Enfin, on apprend ce matin la « démis­sion » du ministre des Finances Yanis Varoufakis, connu pour être détes­té des créan­ciers et pour avoir écrit de tran­chants articles sur la ques­tion de l’euro. Une déci­sion éton­nante : Varoufakis avit décla­ré qu’il quit­te­rait ses fonc­tions en cas de vic­toire du… « oui ». La ver­sion offi­cielle veut que sa démis­sion ait été deman­dée par les créan­ciers, qui ne le sup­por­taient plus. « Beaucoup de gens appré­cient Varoufakis, mais il en énerve beau­coup d’autres et ne fait pas l’unanimité au sein du par­ti : c’est un aty­pique, un élec­tron libre », me dit un mili­tant de Syriza. « Sa démis­sion est plus une affaire interne à Syriza qu’un cadeau fait aux créan­ciers », croit-il savoir.
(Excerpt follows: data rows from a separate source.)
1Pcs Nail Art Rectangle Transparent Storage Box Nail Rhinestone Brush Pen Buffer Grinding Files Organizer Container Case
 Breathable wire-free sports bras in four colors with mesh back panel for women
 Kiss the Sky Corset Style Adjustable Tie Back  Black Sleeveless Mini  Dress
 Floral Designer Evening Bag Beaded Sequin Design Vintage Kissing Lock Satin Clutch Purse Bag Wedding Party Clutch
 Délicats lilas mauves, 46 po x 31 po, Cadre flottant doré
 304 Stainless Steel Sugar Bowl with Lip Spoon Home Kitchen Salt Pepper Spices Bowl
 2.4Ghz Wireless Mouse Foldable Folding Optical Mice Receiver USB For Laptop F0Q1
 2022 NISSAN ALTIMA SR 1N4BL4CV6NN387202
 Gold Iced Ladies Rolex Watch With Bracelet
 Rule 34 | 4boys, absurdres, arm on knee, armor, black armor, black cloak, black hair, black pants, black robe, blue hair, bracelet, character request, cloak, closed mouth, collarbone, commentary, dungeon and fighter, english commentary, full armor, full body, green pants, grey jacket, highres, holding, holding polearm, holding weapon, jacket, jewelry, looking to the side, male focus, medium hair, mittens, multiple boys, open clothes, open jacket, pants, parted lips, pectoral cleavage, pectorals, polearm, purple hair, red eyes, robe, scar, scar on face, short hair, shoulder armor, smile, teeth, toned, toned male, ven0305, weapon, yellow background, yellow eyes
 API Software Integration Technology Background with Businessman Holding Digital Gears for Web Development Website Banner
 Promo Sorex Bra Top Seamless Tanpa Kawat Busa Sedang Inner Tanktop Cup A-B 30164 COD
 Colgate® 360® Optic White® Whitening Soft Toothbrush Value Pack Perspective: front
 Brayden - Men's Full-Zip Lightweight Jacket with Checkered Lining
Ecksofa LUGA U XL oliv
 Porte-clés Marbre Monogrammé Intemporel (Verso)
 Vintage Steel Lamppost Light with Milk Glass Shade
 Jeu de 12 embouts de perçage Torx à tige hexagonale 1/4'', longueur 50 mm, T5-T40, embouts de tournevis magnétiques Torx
On appren­dra, quelques jours plus tard, que son départ s’est joué sur une diver­gence entre lui et Tsipras quant à l’approche à avoir dans les nou­velles négo­cia­tions. Varoufakis racon­te­ra être arri­vé gal­va­ni­sé par le résul­tat du réfé­ren­dum dans le bureau du Premier ministre, où ses col­la­bo­ra­teurs et lui-même affi­chaient, au contraire, de bien sinistres mines.

Attentisme

Mardi 7 juillet. Dans la presse fran­çaise, un conseiller du gou­ver­ne­ment grec sort de sa réserve et lance un cri d’alarme : « Il faut faire savoir au monde entier que l’eurozone est en train de com­mettre un crime contre l’humanité. » Sous cou­vert d’anonymat, il témoigne de la stra­té­gie d’étouffement éco­no­mique mise en place métho­di­que­ment par l’Eurogroupe depuis le début des négo­cia­tions, en jan­vier, mais aus­si de ses désac­cords sur la façon dont le gou­ver­ne­ment grec a négo­cié, pri­vi­lé­giant tou­jours la voie de la rai­son et de la dis­cus­sion avec les Européens. « Mais dans ces dis­cus­sions, c’était tou­jours le gou­ver­ne­ment qui fai­sait les conces­sions, qui se rap­pro­chait de la Troïka, sans qu’eux [les Européens] ne fassent le moindre mou­ve­ment vers nous. » Et c’est par­ti pour un nou­veau round de négo­cia­tions, pré­sen­té, une nou­velle fois, comme celui de la der­nière chance… « Le gou­ver­ne­ment veut ame­ner l’Europe à une véri­table négo­cia­tion poli­tique, pas seule­ment une dis­cus­sion éco­no­mique ou tech­nique », me dit le tenan­cier d’un kiosque de la place Omonia pour expli­quer l’arrivée du nou­veau ministre des Finances à la réunion de l’Eurogroupe sans nou­velle pro­po­si­tion écrite, contrai­re­ment aux demandes émises hier soir par le duo Hollande-Merkel.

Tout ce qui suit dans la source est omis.